Chinese coins cast in brass with a square hole in the middle have an extremely long history, and played a pivotal role in the rise and development of Chinese commerce and culture. During the time of the early construction of the Great Wall of China and the reign of the first Emperor of China around 220 BCE, Chinese coinage was standardized to allow for easy commerce and trade through the vast new empire.
Further standardization was introduced in 621 CE with the creation of the “cash” currency denomination (Chinese: 文; pinyin: wén). Production of this style of coin would continue for more than 2200 years until after the end of the Chinese empire in 1911.
Coins of the Northern Song Dynasty (960 to 1127CE) were produced during a time of relative stability in China, with significant economic and cultural growth. With an ample supply of hard currency, trade flourished and there was a wide exchange of ideas and technology. One of the most important developments during this time was the introduction of wood block printing, allowing ideas to be shared widely across the empire.
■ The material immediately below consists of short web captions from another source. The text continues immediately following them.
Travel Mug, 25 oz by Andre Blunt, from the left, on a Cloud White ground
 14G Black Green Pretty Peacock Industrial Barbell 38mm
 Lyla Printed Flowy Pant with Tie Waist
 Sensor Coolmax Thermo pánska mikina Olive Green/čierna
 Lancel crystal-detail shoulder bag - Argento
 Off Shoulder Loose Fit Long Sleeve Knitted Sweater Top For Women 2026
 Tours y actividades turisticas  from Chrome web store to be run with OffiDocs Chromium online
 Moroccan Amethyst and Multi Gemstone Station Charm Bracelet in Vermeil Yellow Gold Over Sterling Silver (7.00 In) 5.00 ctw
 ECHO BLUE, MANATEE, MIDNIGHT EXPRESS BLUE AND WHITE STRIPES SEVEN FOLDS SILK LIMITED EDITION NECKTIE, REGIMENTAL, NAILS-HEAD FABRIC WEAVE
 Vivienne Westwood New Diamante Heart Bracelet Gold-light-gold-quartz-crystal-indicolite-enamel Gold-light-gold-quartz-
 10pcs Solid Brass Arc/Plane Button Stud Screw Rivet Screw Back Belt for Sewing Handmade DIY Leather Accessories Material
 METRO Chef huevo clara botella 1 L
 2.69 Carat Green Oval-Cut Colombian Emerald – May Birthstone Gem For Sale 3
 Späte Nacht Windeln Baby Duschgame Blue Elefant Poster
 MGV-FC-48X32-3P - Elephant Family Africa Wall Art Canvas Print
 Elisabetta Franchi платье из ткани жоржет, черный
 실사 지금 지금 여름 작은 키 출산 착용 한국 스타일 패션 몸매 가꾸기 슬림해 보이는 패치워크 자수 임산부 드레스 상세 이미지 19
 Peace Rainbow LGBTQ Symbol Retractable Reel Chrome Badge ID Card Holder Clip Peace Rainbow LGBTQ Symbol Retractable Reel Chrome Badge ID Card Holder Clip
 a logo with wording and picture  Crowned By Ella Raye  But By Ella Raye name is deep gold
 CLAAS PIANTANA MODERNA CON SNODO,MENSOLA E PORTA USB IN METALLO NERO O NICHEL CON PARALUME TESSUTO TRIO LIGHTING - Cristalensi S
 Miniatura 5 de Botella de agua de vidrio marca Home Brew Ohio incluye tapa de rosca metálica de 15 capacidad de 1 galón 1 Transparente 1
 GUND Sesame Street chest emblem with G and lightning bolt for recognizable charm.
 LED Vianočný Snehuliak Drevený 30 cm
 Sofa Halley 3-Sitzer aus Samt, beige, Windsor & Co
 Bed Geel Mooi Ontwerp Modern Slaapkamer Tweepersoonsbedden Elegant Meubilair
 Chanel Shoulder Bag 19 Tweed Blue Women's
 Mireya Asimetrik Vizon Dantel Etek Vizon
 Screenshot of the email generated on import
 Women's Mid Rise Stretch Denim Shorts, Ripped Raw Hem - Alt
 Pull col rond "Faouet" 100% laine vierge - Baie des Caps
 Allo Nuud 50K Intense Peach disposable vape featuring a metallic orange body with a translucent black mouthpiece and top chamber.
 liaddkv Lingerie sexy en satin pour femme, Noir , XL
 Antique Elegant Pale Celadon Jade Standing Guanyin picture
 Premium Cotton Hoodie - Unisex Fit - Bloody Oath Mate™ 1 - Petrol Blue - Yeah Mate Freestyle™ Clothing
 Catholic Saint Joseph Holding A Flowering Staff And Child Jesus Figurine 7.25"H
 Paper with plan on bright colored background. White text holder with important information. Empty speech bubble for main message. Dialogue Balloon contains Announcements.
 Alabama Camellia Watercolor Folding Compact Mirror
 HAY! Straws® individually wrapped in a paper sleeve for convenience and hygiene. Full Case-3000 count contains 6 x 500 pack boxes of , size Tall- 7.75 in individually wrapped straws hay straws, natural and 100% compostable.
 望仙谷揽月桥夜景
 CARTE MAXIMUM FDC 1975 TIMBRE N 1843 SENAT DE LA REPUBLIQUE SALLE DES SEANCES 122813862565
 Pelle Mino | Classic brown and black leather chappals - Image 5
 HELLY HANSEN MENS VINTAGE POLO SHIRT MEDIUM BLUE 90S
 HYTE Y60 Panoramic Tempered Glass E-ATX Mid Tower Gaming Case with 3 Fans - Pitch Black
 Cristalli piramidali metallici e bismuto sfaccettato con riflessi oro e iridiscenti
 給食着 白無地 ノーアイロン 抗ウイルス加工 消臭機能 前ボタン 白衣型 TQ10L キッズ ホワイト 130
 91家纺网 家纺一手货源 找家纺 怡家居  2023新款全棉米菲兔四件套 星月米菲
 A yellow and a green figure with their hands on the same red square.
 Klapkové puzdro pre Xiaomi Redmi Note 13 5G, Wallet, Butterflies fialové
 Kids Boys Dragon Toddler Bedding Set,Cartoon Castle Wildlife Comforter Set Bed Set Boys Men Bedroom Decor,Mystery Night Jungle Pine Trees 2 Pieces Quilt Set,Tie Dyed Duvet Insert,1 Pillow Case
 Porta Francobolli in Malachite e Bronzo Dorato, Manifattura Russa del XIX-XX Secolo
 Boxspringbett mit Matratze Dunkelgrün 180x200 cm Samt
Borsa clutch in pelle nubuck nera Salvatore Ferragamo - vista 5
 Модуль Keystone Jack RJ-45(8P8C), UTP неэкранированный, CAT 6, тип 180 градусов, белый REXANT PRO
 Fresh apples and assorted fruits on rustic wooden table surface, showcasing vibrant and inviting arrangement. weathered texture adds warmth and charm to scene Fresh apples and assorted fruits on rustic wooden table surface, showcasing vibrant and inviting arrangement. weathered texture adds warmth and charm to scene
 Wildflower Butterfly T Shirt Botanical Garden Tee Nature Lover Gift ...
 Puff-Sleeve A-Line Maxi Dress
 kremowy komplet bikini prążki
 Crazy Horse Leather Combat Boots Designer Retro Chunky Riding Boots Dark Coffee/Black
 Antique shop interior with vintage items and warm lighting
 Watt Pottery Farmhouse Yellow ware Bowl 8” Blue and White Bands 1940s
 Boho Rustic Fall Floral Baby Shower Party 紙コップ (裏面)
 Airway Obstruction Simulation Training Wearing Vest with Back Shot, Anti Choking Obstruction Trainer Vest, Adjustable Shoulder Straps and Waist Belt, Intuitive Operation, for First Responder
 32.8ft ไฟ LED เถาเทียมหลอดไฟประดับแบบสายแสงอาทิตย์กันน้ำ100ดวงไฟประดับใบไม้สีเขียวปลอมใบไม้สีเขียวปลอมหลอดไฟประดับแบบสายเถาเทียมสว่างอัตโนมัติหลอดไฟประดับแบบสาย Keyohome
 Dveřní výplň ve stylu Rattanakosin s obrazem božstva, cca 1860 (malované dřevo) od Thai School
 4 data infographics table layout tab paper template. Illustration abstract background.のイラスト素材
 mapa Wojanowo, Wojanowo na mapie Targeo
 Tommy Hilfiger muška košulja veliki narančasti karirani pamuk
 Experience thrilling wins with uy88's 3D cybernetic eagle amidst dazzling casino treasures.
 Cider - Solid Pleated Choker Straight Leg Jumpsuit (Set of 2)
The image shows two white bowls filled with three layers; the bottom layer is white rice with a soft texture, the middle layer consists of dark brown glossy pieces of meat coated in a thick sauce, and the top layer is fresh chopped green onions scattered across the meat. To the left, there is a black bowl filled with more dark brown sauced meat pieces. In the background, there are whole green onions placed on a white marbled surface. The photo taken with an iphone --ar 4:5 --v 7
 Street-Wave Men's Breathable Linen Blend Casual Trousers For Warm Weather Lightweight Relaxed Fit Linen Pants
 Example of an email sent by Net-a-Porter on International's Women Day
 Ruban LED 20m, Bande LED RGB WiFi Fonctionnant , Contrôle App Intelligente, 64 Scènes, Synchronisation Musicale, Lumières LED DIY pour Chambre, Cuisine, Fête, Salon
With just one relatively low value denomination forming the main basis of commerce, making large purchases could prove challenging. However, a simple solution was found to solve this problem. Using the hole in the center of the coins, standard quantities of 100, 500 or 1000 coins could be strung together to form new larger trading units. In this way, large purchases could be completed even without using silver or gold coinage.
Methods used to produce large quantities of cash coins were both simple and ingenious, and markedly different from the struck coins produced in other parts of the world. Chinese cash coins were cast using a frame filled with moist fine sand, often dusted with fine charcoal dust. Rods would first be impressed into the mould in the shape of a tree trunk with multiple branches. Carefully engraved “mother coins” or “seed coins” would then be impressed into the bottom half of the mould along the main “branches”, completing the shape of the tree. The top of the mould could then be closed tight to impress the second side of the coin. The seed coins and rods were then removed, and molten metal poured into the mould to fill the impressions. This produced a connected tree of coins, which were then broken off, filed or smoothed, and then put onto strings ready for circulation. This method of production accounts for the typical grainy surface of most cash coins.
Chinese cash coins of the Northern Song dynasty use four characters on the front of the coin. These characters represent the name of the dynasty, the name of the emperor, where the coins was produced (mint mark), and the denomination.
Today, surviving cash coins dating from ancient to modern times provide collectors with a tangible link to the history of China and a unique opportunity to hold money used in long past eras. They can also be used as talismans to invite luck and wealth into the home.